- [What you have to do]: Below are some records. Return exactly the lines from the one containing "Vintage Aurora Borealis" through the one containing "gemsmore:Artisian Smoky Quartz", both included, and only those.

- [Record extracts]:
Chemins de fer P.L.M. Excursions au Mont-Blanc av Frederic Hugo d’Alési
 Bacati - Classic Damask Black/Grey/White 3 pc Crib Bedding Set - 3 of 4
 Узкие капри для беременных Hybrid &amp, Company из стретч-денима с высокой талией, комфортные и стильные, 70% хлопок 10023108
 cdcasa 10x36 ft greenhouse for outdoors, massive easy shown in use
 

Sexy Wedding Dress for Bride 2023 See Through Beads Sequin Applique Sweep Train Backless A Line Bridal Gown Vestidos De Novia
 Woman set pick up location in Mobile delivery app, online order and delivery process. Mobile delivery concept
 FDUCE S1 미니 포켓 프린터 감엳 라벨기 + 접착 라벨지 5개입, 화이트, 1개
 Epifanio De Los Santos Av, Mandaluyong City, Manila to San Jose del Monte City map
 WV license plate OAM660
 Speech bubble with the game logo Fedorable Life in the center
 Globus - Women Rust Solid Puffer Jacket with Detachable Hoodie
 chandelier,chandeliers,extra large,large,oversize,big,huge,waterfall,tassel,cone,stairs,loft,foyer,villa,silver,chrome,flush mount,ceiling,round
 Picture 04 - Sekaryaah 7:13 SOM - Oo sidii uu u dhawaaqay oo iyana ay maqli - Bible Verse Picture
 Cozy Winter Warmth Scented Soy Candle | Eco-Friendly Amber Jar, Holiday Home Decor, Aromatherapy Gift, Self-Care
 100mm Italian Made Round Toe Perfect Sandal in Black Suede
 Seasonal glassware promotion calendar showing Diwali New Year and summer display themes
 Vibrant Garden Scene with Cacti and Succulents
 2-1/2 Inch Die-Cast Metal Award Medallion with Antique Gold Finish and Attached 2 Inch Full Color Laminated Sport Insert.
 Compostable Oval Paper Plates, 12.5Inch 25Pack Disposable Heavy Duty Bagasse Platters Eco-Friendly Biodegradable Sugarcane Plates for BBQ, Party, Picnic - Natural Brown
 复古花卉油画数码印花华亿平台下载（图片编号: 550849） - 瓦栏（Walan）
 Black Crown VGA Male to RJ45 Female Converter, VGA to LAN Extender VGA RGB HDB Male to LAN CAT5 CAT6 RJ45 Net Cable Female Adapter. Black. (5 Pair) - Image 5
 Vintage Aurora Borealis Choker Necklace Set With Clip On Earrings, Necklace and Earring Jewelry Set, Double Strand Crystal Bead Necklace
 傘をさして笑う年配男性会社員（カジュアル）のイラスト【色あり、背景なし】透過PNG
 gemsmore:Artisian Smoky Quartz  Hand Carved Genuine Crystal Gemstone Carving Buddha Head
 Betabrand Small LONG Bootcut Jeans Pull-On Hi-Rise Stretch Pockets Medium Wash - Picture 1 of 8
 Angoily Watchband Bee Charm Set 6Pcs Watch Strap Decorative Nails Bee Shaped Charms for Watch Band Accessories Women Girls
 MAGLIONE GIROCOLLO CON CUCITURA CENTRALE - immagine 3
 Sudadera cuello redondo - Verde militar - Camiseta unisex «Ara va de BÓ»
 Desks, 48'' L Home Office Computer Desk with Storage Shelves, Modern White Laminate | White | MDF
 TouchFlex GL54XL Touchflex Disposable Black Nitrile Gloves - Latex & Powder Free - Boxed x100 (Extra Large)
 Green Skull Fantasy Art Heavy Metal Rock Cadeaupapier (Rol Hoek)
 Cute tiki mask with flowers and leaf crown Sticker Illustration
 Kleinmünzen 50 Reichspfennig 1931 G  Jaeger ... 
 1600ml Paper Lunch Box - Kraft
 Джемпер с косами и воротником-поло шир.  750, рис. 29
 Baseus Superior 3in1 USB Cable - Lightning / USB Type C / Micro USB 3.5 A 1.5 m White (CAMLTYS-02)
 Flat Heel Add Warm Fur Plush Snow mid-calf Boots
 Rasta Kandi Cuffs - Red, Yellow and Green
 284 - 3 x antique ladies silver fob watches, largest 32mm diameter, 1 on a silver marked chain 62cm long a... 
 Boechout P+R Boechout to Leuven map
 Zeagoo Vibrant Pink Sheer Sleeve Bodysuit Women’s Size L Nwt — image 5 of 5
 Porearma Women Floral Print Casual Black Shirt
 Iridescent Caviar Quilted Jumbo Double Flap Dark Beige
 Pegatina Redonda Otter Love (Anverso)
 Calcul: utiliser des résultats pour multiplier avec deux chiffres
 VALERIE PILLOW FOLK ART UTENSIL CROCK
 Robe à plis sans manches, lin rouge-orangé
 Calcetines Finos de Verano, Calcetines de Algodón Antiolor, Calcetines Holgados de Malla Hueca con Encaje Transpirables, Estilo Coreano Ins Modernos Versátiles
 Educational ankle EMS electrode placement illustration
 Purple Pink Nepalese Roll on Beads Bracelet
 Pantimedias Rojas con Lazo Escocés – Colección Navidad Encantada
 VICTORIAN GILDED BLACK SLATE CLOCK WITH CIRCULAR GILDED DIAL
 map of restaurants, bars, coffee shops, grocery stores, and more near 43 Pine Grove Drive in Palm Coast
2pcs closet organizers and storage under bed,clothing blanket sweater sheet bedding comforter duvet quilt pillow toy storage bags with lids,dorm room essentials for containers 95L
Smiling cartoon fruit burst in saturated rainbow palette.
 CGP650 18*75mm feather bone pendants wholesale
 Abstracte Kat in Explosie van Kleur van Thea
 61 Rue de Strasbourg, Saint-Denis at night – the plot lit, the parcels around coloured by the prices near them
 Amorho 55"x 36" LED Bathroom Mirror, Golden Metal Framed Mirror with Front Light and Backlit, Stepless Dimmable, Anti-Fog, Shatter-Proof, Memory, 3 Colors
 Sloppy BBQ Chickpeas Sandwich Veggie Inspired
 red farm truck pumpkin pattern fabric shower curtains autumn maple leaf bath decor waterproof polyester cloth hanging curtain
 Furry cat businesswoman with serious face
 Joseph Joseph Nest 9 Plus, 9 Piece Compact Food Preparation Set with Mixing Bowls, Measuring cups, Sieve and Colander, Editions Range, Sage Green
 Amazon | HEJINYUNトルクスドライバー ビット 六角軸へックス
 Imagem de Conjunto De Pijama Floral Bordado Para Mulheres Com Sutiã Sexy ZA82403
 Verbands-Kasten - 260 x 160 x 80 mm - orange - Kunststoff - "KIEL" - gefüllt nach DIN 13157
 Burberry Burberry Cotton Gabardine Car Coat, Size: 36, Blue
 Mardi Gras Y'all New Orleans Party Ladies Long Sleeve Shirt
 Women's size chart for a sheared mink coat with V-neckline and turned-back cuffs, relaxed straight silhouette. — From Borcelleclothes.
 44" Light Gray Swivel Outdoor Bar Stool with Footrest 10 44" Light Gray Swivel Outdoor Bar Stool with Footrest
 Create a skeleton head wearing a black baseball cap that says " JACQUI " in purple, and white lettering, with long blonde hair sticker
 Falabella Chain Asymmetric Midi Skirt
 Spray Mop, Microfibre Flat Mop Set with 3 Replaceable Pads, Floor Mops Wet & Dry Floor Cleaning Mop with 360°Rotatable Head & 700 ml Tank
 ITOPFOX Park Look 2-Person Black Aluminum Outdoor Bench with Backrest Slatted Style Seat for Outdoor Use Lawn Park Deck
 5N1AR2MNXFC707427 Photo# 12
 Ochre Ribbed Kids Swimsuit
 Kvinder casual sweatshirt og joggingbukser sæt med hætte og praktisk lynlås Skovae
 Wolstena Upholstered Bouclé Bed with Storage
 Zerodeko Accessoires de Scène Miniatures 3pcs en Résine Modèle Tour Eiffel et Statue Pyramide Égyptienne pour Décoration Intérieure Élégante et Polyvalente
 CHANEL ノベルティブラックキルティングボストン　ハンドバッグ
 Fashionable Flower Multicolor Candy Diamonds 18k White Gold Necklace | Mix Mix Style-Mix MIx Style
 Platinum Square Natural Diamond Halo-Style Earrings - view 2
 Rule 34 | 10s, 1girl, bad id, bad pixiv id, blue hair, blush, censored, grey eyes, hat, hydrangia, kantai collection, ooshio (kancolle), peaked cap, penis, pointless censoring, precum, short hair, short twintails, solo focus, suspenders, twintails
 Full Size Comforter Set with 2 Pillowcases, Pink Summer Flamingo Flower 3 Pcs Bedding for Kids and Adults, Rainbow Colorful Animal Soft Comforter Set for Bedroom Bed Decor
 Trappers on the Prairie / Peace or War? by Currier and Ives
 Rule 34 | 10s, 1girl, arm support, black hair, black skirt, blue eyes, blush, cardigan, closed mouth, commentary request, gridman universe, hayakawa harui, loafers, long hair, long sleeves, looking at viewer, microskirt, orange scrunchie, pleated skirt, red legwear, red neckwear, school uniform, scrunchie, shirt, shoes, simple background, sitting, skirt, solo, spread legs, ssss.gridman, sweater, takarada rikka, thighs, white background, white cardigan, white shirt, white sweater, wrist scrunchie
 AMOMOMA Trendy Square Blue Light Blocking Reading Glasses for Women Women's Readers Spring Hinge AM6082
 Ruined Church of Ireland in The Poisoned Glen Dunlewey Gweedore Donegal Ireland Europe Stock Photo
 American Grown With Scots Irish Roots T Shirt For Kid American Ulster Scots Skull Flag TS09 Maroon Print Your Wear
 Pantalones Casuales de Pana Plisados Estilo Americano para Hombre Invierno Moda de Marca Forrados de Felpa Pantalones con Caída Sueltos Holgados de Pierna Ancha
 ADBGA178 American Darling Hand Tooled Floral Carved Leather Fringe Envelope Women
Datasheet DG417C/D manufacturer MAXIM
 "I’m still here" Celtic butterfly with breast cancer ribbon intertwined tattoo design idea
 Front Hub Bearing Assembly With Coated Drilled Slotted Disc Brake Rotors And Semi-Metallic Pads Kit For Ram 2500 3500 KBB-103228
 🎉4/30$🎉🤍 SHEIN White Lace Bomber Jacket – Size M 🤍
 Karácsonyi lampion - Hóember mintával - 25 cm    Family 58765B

- [Solution for this problem]:
 Vintage Aurora Borealis Choker Necklace Set With Clip On Earrings, Necklace and Earring Jewelry Set, Double Strand Crystal Bead Necklace
 傘をさして笑う年配男性会社員（カジュアル）のイラスト【色あり、背景なし】透過PNG
 gemsmore:Artisian Smoky Quartz  Hand Carved Genuine Crystal Gemstone Carving Buddha Head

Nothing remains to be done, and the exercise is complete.